Raymond projette sur Maria -qui n’aime pas le sexe- les excitants fantasmes que l’on associe aux "mauvaises femmes", quand Maria s’induit elle-même en erreur quant à la candeur et à la pureté adolescente du jeune homme, malentendus qui conduisent inévitablement au conflit. Et toutes les histoires d’amour évoquées ici par François Mauriac sont ainsi vouées à l’échec. Courrèges père, secrètement épris de Maria, n’obtient en retour qu’une estime platonique et vaguement ennuyée. L’épouse du docteur, qui s’est résignée à s’assécher, a fini par accepter l’indifférence de cet homme qu’elle imagine dépourvu de toute passion. 

Il sourd une grande tristesse de ce texte où il semble impossible d’être aimé de ceux que l’on aime, ou de l’être pour ce que l’on est vraiment.
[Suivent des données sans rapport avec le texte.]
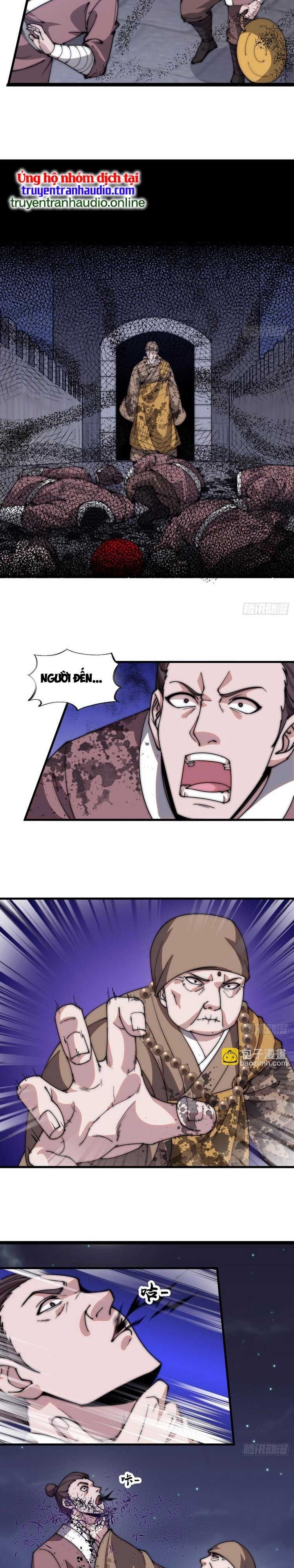 đọc truyện Ta Có Một Sơn Trại Chương 513 ảnh 7 tại Thiên Thai Truyện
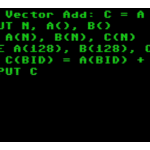 NVIDIA Brings GPU Computing to Legacy BASIC Code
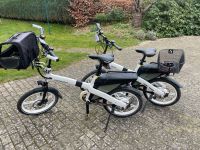 E-Bike Winora Town exp Niedersachsen - Hechthausen Vorschau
Et il ne faut compter sur aucune compensation au sein du cercle familial. Dans la grande demeure des Courrèges où cohabitent, en plus de Raymond et ses parents, la grand-mère, et le couple formé par sa sœur et son beau-frère, l’essentiel des échanges se résument à d’acrimonieuses querelles domestiques, comme si à vivre ainsi les uns contre les autres, on perdait le goût de s’apprécier et de se confier, tout en acquérant celui de surprendre les secrets des autres. 

Quant à Maria Cross, prisonnière de l’absence de perspectives qui la condamne, en tant que femme sans famille ni formation, à se faire entretenir par un homme qui la répugne, elle est seule, rejetée à la fois par ses pairs qui ne comprennent pas son désintérêt pour la vie sociale et par les milieux bourgeois où elle ne saurait avoir sa place.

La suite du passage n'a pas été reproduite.